Isabel-Cristina Arenas
Barcelona.
“¿Qué se me oculta en el hueco de lo cotidiano, allí, frente a mis ojos?”, escribe uno de los jugadores de Nefando. La pregunta queda en el aire, y ahora en el plano de lo real, no sabe uno si quiere saberlo o no, pero es tarde porque las páginas se han devorado sin pausa. El silencio, el lenguaje, la carne y la infancia, esto es Nefando, la novela de Mónica Ojeda (Guayaquil, Ecuador, 1988). También es una habitación azul que es un libro que es un juego, una verdad, sexo y palabras que perturban y revuelcan por dentro. No se sale de allí sin heridas.

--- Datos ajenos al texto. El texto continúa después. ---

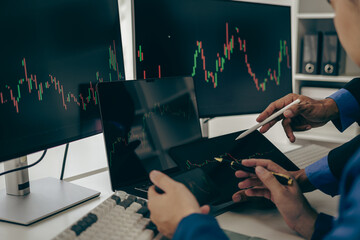 Stock trader looking at stock market chart on screen, analyzing investment strategy, finance...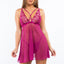 A model wears a magenta pink sheer mesh babydoll with scalloped floral motif around the v-neck.  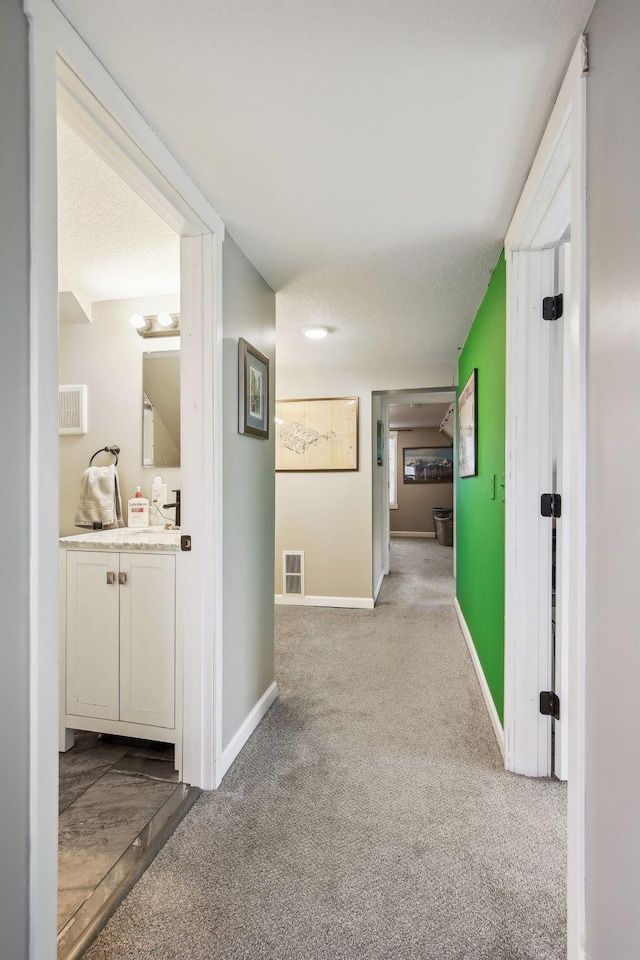 hall with sink and light carpet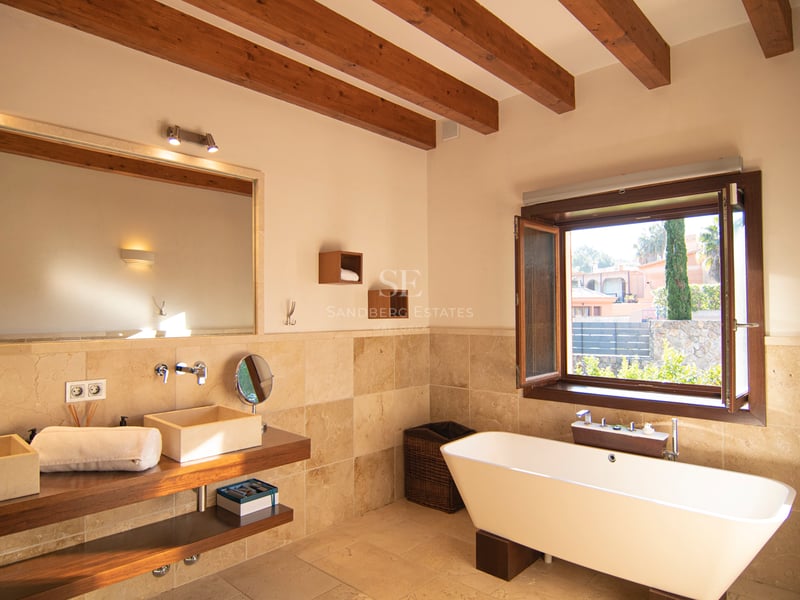 Badrum med synliga takbjälkar, fristående vitt badkar, dubbla stentvättställ och fönsterutsikt.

Nefando (Candaya, 2016) pesaba por las expectativas que me había creado alrededor de su lectura. Pesaba aún más cuando vi que la escritora era parte de Bogotá 39-2017, la lista de 39 escritores de ficción menores de 40 años de América Latina promovida por el Hay Festival. Olga Martínez, directora de Candaya junto a Francisco Robles, me entregó el libro y en medio de la charla dijo: “Mónica es un oxímoron”, no le pregunté cuál y llevo días revisando listas; en cualquier caso, era uno de esos que despiertan admiración por la genialidad de alguien.
Iván Herrera, El Cuco Martínez, Kiki Ortega y los hermanos Terán —Cecilia-Irene-Emilio— comparten juntos un apartamento en Barcelona, cada uno de ellos es una novela y todos juntos son un videojuego: Nefando. Alguien, una voz masculina, habla con ellos por separado, los entrevista con el objetivo de saber acerca del juego, esa voz es el puente que permite llegar al pasado de cada uno, y tal vez al de los lectores mismos. También hay confesiones, fragmentos de foros de gamers, ilustraciones y personajes que hablan sin intermediarios. Kiki, por ejemplo, se narra a sí misma el proceso de creación de la novela erótica que está escribiendo. El lector entra en su cabeza, conoce sus decisiones creativas y una vez lo ha hecho nos comemos las hojas de su novela. Kiki es lenguaje, cumple su objetivo y no “degrada el misterio”, y uno se ha leído y releído a Diego, Eduardo y Nella. Casi todos alguna vez hemos tenido días animales.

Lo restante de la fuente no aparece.